Interviene Franco Piana: Ma poi con Mingus…
D.P.: Con Mingus è un’altra storia, Enrico, vuoi che
te la racconti?
E.R.: E certo, siamo qua per questo!
D.P.: Ricordo che ricevetti una telefonata in cui mi
dissero che c’era da fare una cosa con il più grande contrabbassista del mondo.
Io per scherzo dissi, «Chi, Charlie Mingus?» «Sì, proprio lui!» «Ah, ok, non
vengo!», figurati sapevo che era uno molto esigente e con un carattere
particolare, e se un musicista non gli andava a genio lo mandava a quel paese.
E lì di nuovo subentrò Luisa a spingermi ad andare, e io non volevo, conoscevo
i dischi di Mingus e sapevo che il suo trombonista era fenomenale, e io cosa
potevo andare a fare con il mio strumento a pistone, e invece… Arrivò con un
cappello nero e il sigaro, metteva soggezione. Cominciamo a registrare e
durante il brano mi fa cenno di andare, presi la plancia al volo e mi lasciò
spazio; alla fine mi fece i complimenti, fu un’altra grande soddisfazione.
E.R.: Poiché siamo partiti da Al gir dal bughi, che è
l’inizio della tua storia, dimmi qualcosa di questo disco, sei contento?

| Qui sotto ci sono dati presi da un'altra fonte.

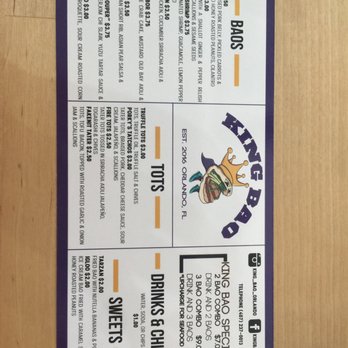 King Bao - the menu! - Asian Fusion Near Me - Orlando, Florida King Bao - the menu! - Asian Fusion Near Me - Orlando, Florida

D.P.: Molto, perché non credevo di fare ancora un
disco così, col mio nome, voi mi avete spinto a farlo e sono molto contento
perché non è un disco combinato, Ci siamo ritrovati a registrare senza aver
preparato nulla, siamo andati a ruota libera, col cuore. Ecco, è un disco fatto
col cuore, un disco di jazz, se vuoi tradizionale, ma con tanta anima. Grazie a
te Enrico e a Franco che mi tiene sempre sulla corda. Io suono tutti i giorni,
se non suono sto male, è importante per me.
E.R.: Anch’io! Suono tutti i giorni, sono felice se
sento che il labbro va, scontento se non va, mi sento in colpa se sto un giorno
senza suonare, e non ci crede nessuno. Ma come? Mi dicono, tu alla tua età… Sì,
lo faccio perché è quello che mi tiene in vita…

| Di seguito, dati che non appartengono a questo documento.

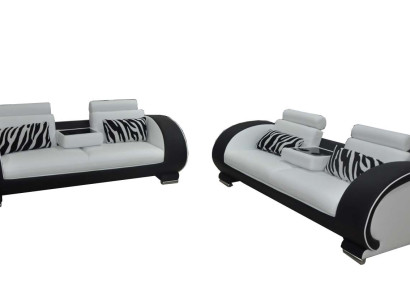 Bank Bank Zitkussen Complete Set 3+3 bankstellen Ontwerpbanken Leer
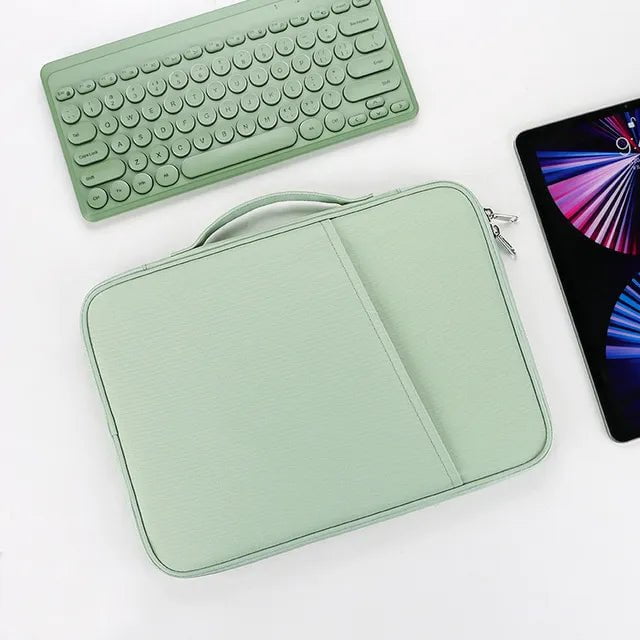 Storazone Green / For 10.2-11 inch Tablet Sleeve Bag For iPad Pro 12 9 11 13 inch Pouch iPad 10th 9th 8th 7th Generation Air 5 4 3 2021 2022 Waterproof Tablet Bag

D.P.: Esatto, lo facciamo per noi stessi. Mica penso
di mettermi a fare concerti a 91 anni – «li faremo», interviene Rava -, vabbè,
speriamo. Io ho bisogno di farlo, di sentire il mio suono, perché viene da
dentro, dall’anima. A volte suono anche brani vecchi, cose che mi ricordano
Luisa, vado col pensiero e torno in quella sala da ballo, per esempio.
E.R.: Dino, è stato un piacere, spero che tu abbia
detto tutto ciò che volevi, ma se vuoi dire qualcos’altro…
D.P.: No, voglio ringraziarti, è stata una bella
cosa, grazie.
E.R.: Sono io che ringrazio te, ma tanto ci sentiamo
presto.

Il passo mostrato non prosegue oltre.